[Records contained in a dataset]
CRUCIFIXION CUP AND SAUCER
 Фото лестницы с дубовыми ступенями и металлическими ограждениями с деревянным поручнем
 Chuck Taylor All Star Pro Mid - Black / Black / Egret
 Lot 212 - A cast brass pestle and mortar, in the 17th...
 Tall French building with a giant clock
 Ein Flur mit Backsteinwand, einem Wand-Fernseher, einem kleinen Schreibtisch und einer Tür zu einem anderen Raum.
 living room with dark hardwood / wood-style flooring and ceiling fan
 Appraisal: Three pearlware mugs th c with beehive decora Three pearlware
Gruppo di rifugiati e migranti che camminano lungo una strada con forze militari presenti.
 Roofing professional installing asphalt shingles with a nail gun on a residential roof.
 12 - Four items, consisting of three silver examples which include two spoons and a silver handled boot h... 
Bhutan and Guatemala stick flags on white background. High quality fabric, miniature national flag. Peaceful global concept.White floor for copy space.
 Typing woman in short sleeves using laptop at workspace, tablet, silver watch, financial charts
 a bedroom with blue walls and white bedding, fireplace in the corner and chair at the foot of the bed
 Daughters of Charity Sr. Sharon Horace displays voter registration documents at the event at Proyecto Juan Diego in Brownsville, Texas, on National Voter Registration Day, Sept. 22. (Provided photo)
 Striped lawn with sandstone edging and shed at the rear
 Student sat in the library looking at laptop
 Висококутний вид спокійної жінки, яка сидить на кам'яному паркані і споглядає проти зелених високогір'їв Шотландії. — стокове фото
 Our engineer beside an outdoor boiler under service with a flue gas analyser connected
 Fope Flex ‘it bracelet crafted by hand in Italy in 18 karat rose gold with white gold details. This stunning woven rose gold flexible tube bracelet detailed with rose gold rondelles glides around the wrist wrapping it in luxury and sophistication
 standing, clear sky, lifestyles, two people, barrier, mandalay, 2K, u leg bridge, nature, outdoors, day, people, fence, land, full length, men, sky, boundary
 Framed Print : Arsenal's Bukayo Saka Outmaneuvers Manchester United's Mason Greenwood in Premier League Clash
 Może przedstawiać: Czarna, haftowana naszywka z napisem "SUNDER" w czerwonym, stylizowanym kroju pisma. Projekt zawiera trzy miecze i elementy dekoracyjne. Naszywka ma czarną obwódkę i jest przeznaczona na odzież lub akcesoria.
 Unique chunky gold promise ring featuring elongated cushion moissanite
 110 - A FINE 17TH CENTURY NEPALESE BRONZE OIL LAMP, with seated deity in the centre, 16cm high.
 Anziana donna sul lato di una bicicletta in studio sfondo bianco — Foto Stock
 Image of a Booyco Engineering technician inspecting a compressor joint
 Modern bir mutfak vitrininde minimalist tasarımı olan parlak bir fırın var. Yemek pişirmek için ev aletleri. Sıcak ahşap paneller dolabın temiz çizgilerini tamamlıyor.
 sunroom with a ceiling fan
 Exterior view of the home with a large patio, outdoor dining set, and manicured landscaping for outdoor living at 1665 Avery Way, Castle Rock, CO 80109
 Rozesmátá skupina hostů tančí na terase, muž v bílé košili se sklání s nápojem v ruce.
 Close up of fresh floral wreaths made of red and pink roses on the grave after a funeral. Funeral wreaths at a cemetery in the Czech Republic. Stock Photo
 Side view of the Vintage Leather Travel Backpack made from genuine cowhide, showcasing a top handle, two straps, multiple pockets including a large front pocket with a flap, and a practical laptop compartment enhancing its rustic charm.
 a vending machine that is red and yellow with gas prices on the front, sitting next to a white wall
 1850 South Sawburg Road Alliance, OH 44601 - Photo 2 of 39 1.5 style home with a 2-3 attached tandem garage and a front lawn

* Exercise: Look through the entries above and quote exactly the lines from the line with "Close up of" to the line with "Side view of", counting both of those lines.

* Exercise answer:
 Close up of fresh floral wreaths made of red and pink roses on the grave after a funeral. Funeral wreaths at a cemetery in the Czech Republic. Stock Photo
 Side view of the Vintage Leather Travel Backpack made from genuine cowhide, showcasing a top handle, two straps, multiple pockets including a large front pocket with a flap, and a practical laptop compartment enhancing its rustic charm.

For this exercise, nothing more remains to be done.